One part of the challenge in making books searchable and accessible is that a scan produces an image of a page, and often a blurred or partially obscured one at that, but searching requires a digital representation of the text on the page. Converting the image to text is also critical to creating a good reading experience since the text can then be reformatted to match the display size and the user can control the font size and layout. This is especially important for tablet devices and smart phones.
Another part of the challenge is that a search query will often match thousands or even tens or hundreds of thousands of books. Consider for example the query 'to be or not to be'. This line has been quoted in an untold number of books (plus one more if the notes from this workshop are published). How should we choose the top ten matches to return on the first page of search results? Much work has been done on search rankings for web pages. Unfortunately these techniques do not apply well to books. The Google books teams has had to invent largely new techniques to rank book results.

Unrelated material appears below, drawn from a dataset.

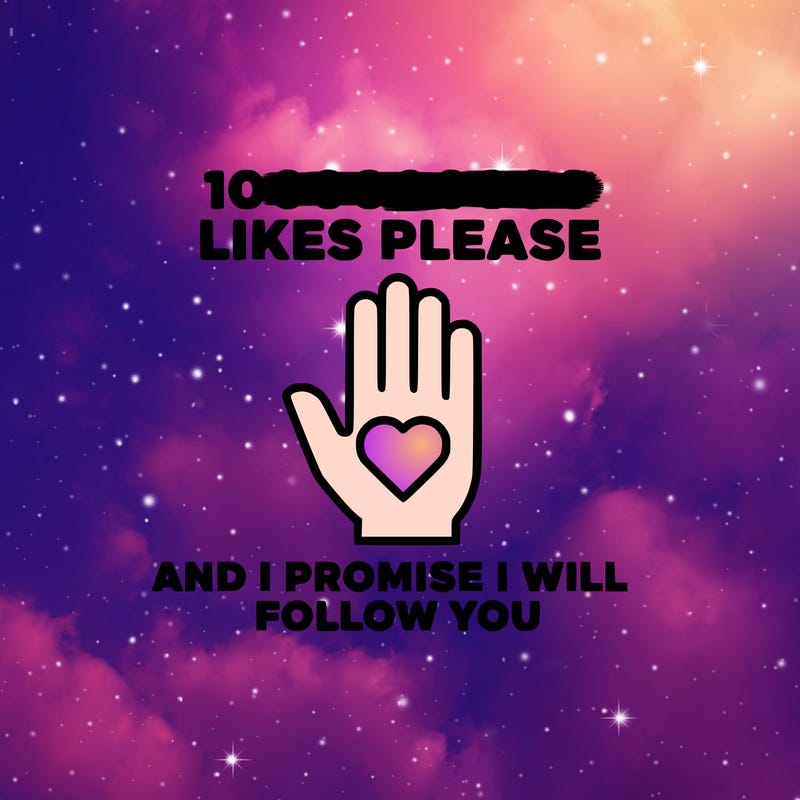 100000000000 likes please and i promise i will follow you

A third challenge is that copyright law was not written with the digital world in mind. In the days of print books the cost of a print run was sufficiently high that when books went out of print they relatively rarely came back into print. However, in the digital world we have the technical ability to make millions of out of print books available as ebooks. For books that are out of print, but in copyright, the largest expense in creating ebooks is the cost of accurately identifying the owner of the digital rights. This cost has emerged as an important non-technical challenge to opening up many millions of out of print books.

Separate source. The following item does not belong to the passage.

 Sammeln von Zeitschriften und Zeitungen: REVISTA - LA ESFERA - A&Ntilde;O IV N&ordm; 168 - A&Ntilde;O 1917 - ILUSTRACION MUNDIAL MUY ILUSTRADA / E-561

This talk will discuss these challenges and a variety of others (how do you scan a 100 year old book without breaking the binding?). We will also look at some of the new opportunities that arise from the emerging digital books corpus. These range from social collaboration, to linguistic analysis, to other new areas that are only beginning to be discovered.

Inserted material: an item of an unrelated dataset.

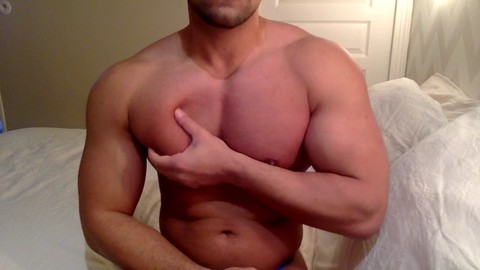 Gay gut, biceps, oil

The metadata challenge: Promoting discovery, access, and usability for online books
John Mark Ockerbloom
University of Pennsylvania
With millions of books, serials, and other documents now digitized, rich troves of information and culture can now be made available to anyone in the world with an Internet connection. But these riches are worthless if they cannot be found, accessed, and effectively used by the readers who need them. The key to unlock these treasures is metadata. Networked computing enables techniques for making metadata more effective than ever; yet in practice, online collections all too often either do not have or do not take full advantage of the best metadata they could use.
There is much ongoing work harnessing metadata to improve online book discovery, access, and usability. Online book discovery is being enhanced with concept-oriented catalogs of various kinds, including browsable maps relating millions of subjects and associated books. Copyright metadata is starting to open access to many books that had been needlessly withheld from the public, while also reducing the risk of inadvertent infringement. Structural and relational metadata and annotations are making complex works much more usable than they were when they were represented as a mishmash of volumes.
Using metadata effectively in multi-million-volume collections poses special problems of scale. Solving these problems requires considered application of both library science and computer science. It also requires harnessing the collective intelligence of readers, writers, librarians, and publishers. Wise metadata management policies, including open data sharing, can promote the effective aggregation of human and machine intelligence at the scale we will need. This talk will demonstrate and describe ways in which we can meet the metadata challenges of large-scale online libraries both now and in the future.